Alexandre,
First off I apologize for the size of this email, I'm trying to keep it as concise as possible.
I've been experimenting with ways to optimize synchronization objects and have implemented a promising proof of concept for semaphores using glibc's nptl (posix) semaphore implementation. I posted revision 3 of this today, although I appear to have used the wrong msg id in the --in-reply-to header. :( So my goal is to eventually make similar optimizations for all synchronization objects, or at least those that have demonstrable performance problems.

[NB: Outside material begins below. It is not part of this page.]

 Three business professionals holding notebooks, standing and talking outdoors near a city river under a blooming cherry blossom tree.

The basic theory of operation is that when a client sends a create_semaphore, the server creates a posix semaphore with a unique name which is passes to the client process so that it can open it locally. This allows the client to perform ReleaseSemaphore without a server call as well as WaitFor(Multiple|Single)Object(s) for cases where the wait condition can be determined to be satisfied without a server call (i.e., either bWaitAll = FALSE and a signalled semaphore is found in the handle list prior to a non-semaphore objects or bWaitAll = TRUE and all handles are signalled semaphores). For all other conditions, it uses a traditional server call.

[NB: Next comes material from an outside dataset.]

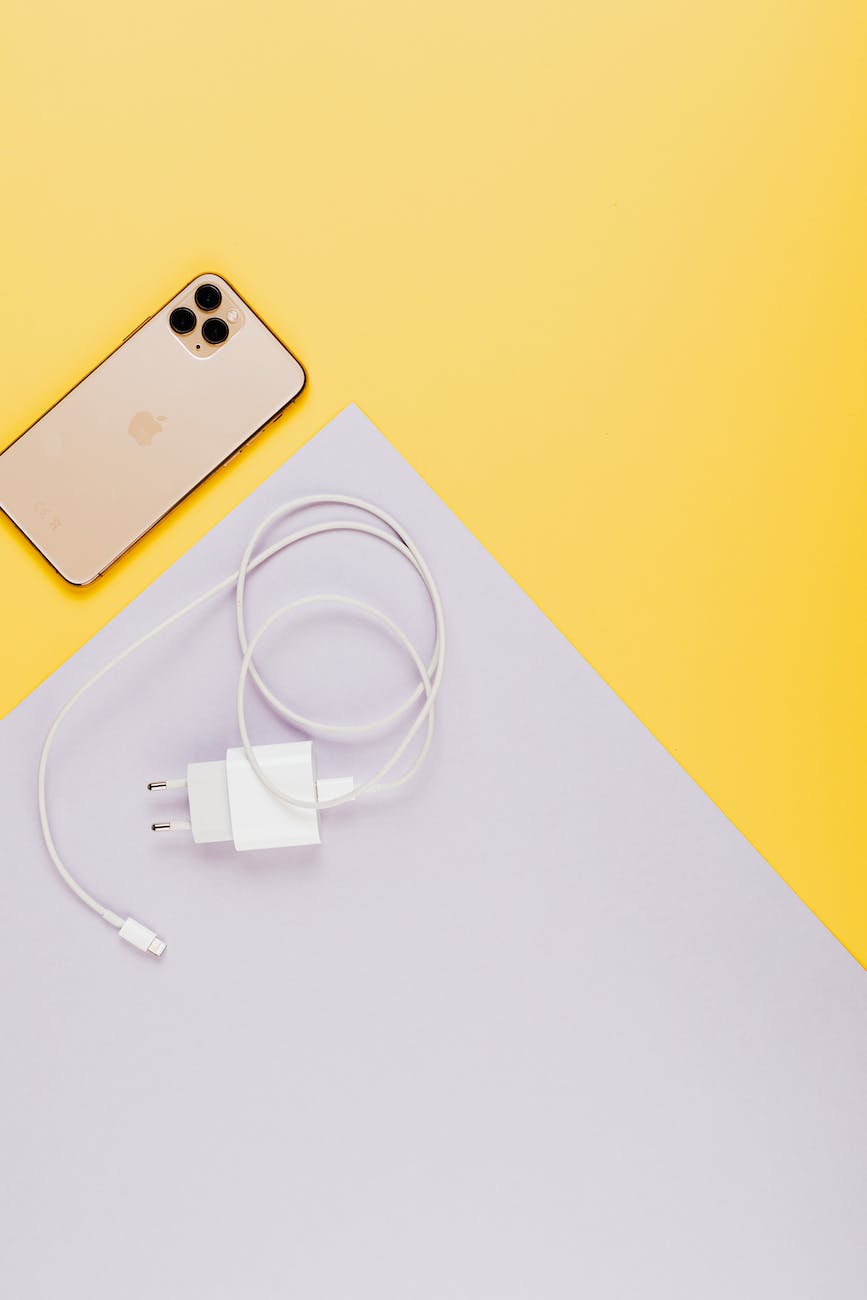 close up shot of a mobile phone and a charger on a yellow surface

However, it has two problems:
1. It uses glibc's implementation of POSIX semaphores which uses shared memory to share them with other processes, and 2. It uses glibc's implementation of POSIX semaphores which are incompatible across 32- and 64-bit ABI processes.
I have not been able to find any more flaws in a case where both program and wineserver are the same ABI. All tests pass and I've added one more (although more tests are clearly needed). Since this implementation only uses sem_trywait (and never sem_wait or sem_timedwait), we don't really even need a full-featured semaphore -- a simple 32- or 16-bit number that's accessed atomically would suffice as a replacement. Although I did plan to eventually explore having a client program block w/o calling the server, the benefit of that is minimal compared to the benefit of being able to avoid the server call for releasing a semaphore and "wait"ing when the semaphore is already available.
So now I want to understand the minimum threshold of acceptability in wine for such a mechanism. We discussed this in chat and quite a bit and can I see many possibilities, each with its own particular issues. I'm listing them in order of my personal preference (most preferred first).
Option 1: Simple shared memory & roll our own semaphore Similar to what glibc's NPTL semaphores are doing, except that we would only need a single integral value and not even a futex. The obvious downside is that a process can corrupt this memory and cause dysfunction of other processes who also have semaphores in that page. This could be minimized by giving every process their own page that is only shared between the server and the process unless a semaphore in that process is shared with another program, at which time the memory page could be shared with that process as well. Thus, the scope of possible corruption is limited to how far you share the object.
In the worse case of memory corruption, the wineserver would either leave a thread of one of these processes hung, release one when it shouldn't be released or determine that the memory is corrupted, issue an error message, set the last error to something appropriate and return WAIT_FAILED.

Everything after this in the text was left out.